(SUPPLIED DATA)
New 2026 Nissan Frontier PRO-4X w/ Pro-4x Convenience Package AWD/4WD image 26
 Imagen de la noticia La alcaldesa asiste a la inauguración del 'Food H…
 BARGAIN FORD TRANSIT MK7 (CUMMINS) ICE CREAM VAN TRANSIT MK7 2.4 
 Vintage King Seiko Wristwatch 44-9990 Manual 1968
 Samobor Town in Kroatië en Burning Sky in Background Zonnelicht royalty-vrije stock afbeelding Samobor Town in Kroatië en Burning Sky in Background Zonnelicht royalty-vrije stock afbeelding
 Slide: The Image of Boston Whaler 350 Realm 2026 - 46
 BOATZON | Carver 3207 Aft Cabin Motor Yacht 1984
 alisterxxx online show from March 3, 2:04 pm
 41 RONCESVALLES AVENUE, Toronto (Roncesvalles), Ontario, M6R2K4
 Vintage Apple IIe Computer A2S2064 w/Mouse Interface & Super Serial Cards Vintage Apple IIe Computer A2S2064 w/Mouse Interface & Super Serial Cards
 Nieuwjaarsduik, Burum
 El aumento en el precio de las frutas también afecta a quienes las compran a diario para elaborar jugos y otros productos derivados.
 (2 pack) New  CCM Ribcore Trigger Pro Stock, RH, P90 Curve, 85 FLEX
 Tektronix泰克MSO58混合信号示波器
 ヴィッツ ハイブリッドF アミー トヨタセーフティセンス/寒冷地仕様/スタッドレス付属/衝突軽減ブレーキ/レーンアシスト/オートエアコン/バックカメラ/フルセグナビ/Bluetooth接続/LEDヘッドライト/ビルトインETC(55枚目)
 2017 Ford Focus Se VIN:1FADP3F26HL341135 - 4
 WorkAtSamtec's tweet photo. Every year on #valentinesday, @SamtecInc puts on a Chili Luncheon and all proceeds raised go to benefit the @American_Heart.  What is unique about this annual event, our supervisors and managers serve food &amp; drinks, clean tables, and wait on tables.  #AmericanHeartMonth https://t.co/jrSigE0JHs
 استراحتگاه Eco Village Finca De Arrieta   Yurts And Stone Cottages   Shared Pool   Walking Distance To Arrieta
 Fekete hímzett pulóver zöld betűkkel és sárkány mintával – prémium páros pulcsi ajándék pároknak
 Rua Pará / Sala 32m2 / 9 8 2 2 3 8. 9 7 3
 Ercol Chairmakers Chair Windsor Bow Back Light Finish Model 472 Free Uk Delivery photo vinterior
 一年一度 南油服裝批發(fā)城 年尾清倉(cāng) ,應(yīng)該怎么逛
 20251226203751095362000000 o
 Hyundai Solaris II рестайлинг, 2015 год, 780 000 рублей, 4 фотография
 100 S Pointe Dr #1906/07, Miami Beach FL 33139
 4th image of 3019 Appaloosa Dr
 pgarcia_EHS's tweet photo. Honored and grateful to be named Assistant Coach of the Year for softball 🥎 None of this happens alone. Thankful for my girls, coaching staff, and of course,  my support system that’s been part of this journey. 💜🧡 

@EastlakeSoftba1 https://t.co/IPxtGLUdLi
(End SUPPLIED DATA)
→ ASSIGNMENT: Write the entries out again in full, exactly as they appear above.

→ RESPONSE TO THE TASK:
New 2026 Nissan Frontier PRO-4X w/ Pro-4x Convenience Package AWD/4WD image 26
 Imagen de la noticia La alcaldesa asiste a la inauguración del 'Food H…
 BARGAIN FORD TRANSIT MK7 (CUMMINS) ICE CREAM VAN TRANSIT MK7 2.4 
 Vintage King Seiko Wristwatch 44-9990 Manual 1968
 Samobor Town in Kroatië en Burning Sky in Background Zonnelicht royalty-vrije stock afbeelding Samobor Town in Kroatië en Burning Sky in Background Zonnelicht royalty-vrije stock afbeelding
 Slide: The Image of Boston Whaler 350 Realm 2026 - 46
 BOATZON | Carver 3207 Aft Cabin Motor Yacht 1984
 alisterxxx online show from March 3, 2:04 pm
 41 RONCESVALLES AVENUE, Toronto (Roncesvalles), Ontario, M6R2K4
 Vintage Apple IIe Computer A2S2064 w/Mouse Interface & Super Serial Cards Vintage Apple IIe Computer A2S2064 w/Mouse Interface & Super Serial Cards
 Nieuwjaarsduik, Burum
 El aumento en el precio de las frutas también afecta a quienes las compran a diario para elaborar jugos y otros productos derivados.
 (2 pack) New  CCM Ribcore Trigger Pro Stock, RH, P90 Curve, 85 FLEX
 Tektronix泰克MSO58混合信号示波器
 ヴィッツ ハイブリッドF アミー トヨタセーフティセンス/寒冷地仕様/スタッドレス付属/衝突軽減ブレーキ/レーンアシスト/オートエアコン/バックカメラ/フルセグナビ/Bluetooth接続/LEDヘッドライト/ビルトインETC(55枚目)
 2017 Ford Focus Se VIN:1FADP3F26HL341135 - 4
 WorkAtSamtec's tweet photo. Every year on #valentinesday, @SamtecInc puts on a Chili Luncheon and all proceeds raised go to benefit the @American_Heart.  What is unique about this annual event, our supervisors and managers serve food &amp; drinks, clean tables, and wait on tables.  #AmericanHeartMonth https://t.co/jrSigE0JHs
 استراحتگاه Eco Village Finca De Arrieta   Yurts And Stone Cottages   Shared Pool   Walking Distance To Arrieta
 Fekete hímzett pulóver zöld betűkkel és sárkány mintával – prémium páros pulcsi ajándék pároknak
 Rua Pará / Sala 32m2 / 9 8 2 2 3 8. 9 7 3
 Ercol Chairmakers Chair Windsor Bow Back Light Finish Model 472 Free Uk Delivery photo vinterior
 一年一度 南油服裝批發(fā)城 年尾清倉(cāng) ,應(yīng)該怎么逛
 20251226203751095362000000 o
 Hyundai Solaris II рестайлинг, 2015 год, 780 000 рублей, 4 фотография
 100 S Pointe Dr #1906/07, Miami Beach FL 33139
 4th image of 3019 Appaloosa Dr
 pgarcia_EHS's tweet photo. Honored and grateful to be named Assistant Coach of the Year for softball 🥎 None of this happens alone. Thankful for my girls, coaching staff, and of course,  my support system that’s been part of this journey. 💜🧡 

@EastlakeSoftba1 https://t.co/IPxtGLUdLi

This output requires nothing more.